| ok, I was going to email you, but I'll post a couple of suggestions here so others can agree or disagree. You've got just shy of 5000 users, but how active are they? How many daily/weekly/monthly active users do you have? If you've got a decent number of active users then those are people that can potentially become paying users. So ditch the unlimited free version. Yes - ditch it. Look at your weekly active users and see how many words they each translate. Presumably there is some kind of distribution, where 80% of users translate <100 words per week, then you have some power users that translate 1000 per week. Start with them and start telling them they need to pay to keep using Readlang once they have translated 80% of the words that they usually translate. A nice pop-up with a simple call-to-action asking them to pay. A:B test the pop-up message. You've then got dynamic pricing that is based on individuals' use habits. Start with the power users and work backwards towards your regular users. See what happens as you get closer towards the 100 words/week guys. If completely removing the free option is too aggressive for you, maybe once they reach the word limit they can dismiss the "pay to continue" pop-up but then it comes back every 5 words they translate after that. Try both strategies - experiment - see what works best. You've only made $1k so far. I don't think there is any harm in being a bit more aggressive. You've build a good product - now is the time to test monetisation rather than adding features. On the CRM side, you have done a little bit with Mailchimp, and that the reminders are opt-in. Make them opt-out. Ditch Mailchimp. Make a $50 investment in customer.io - that will allow you to do CRM against 5000 users. Hit them with one email to all (which will use up half your 10k email allowance) with the most compelling email you can draft. Then use your remaining 5k emails to hit those that responded to your first email regularly and based on their actions (customer.io is really good when you get that right). /edit - just noticed extra emails on customer.io are really cheap so it's the user number limitation you really pay for. In that case send as many emails as you need to do some very active CRM experimentation for a whole month. Reminds users that they have a text they have just started but not looked at again.
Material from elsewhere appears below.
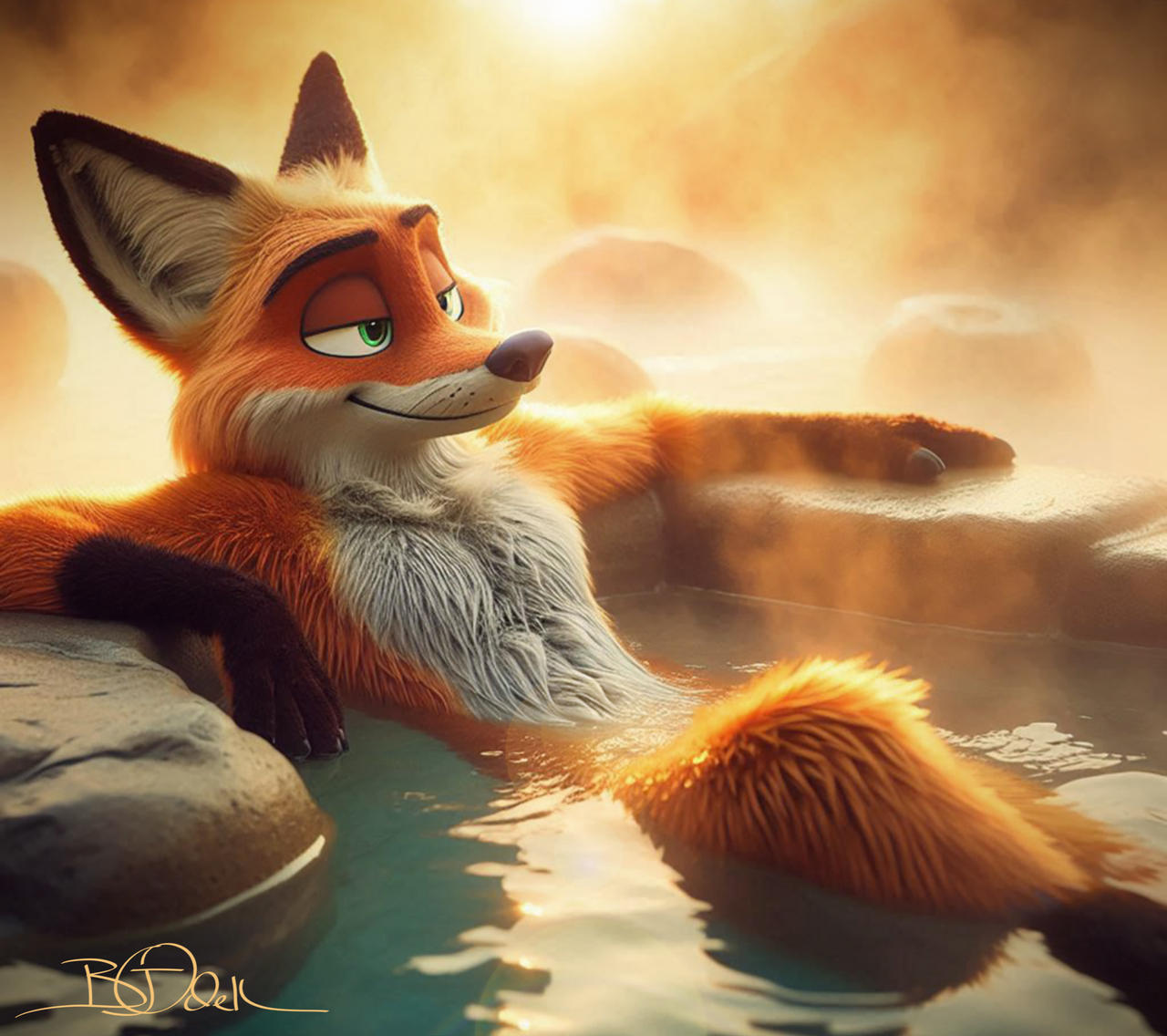 Fox Springs by TheSnoferretGallery on DeviantArt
Remind them they need to do flashcards everyday
etc etc Remember - if nobody complains about the price of your product, it's probably too cheap. Lastly, make an iPhone app that works offline and allows translation of single words via an offline dictionary and includes the flash-cards which then syncs with your account when back online. I'd pay for that! ;) |
Rough number of users signing in at the moment:
~110 / day ~360 / week ~900 / month
Google Analytics RETURNING visitors per month:
~1000 returning uniques ~3800 returning visits 28 min avg visit duration
I'll have a serious think about your pricing advice. I'm plan on increasing the price but removing the free plan scares me. I'm sure it will increase revenue in short term, but don't you think it would seriously harm growth? My current user base was formed largely due to people blogging and sharing on forums and social media. Isn't there a risk this would dry up without a very usable free plan?
I completely agree about sending more emails. It's been on my todo list for a while, I already have Amazon SES set up so I'm planning to roll my own solution to send lifecycle emails to boost engagement. ($50 / month sounds too much, although now I'm tempted to try the free plan just to get an idea of what I'd be missing.)
iPhone app - one thing at a time! I want to polish and optimise the current site first, but I agree an iOS app would be awesome.
Note: Readlang works well on mobiles as a web-app, on both Android and iOS you can bookmark it as a "homescreen app" and it then runs in full screen mode similar to a native app.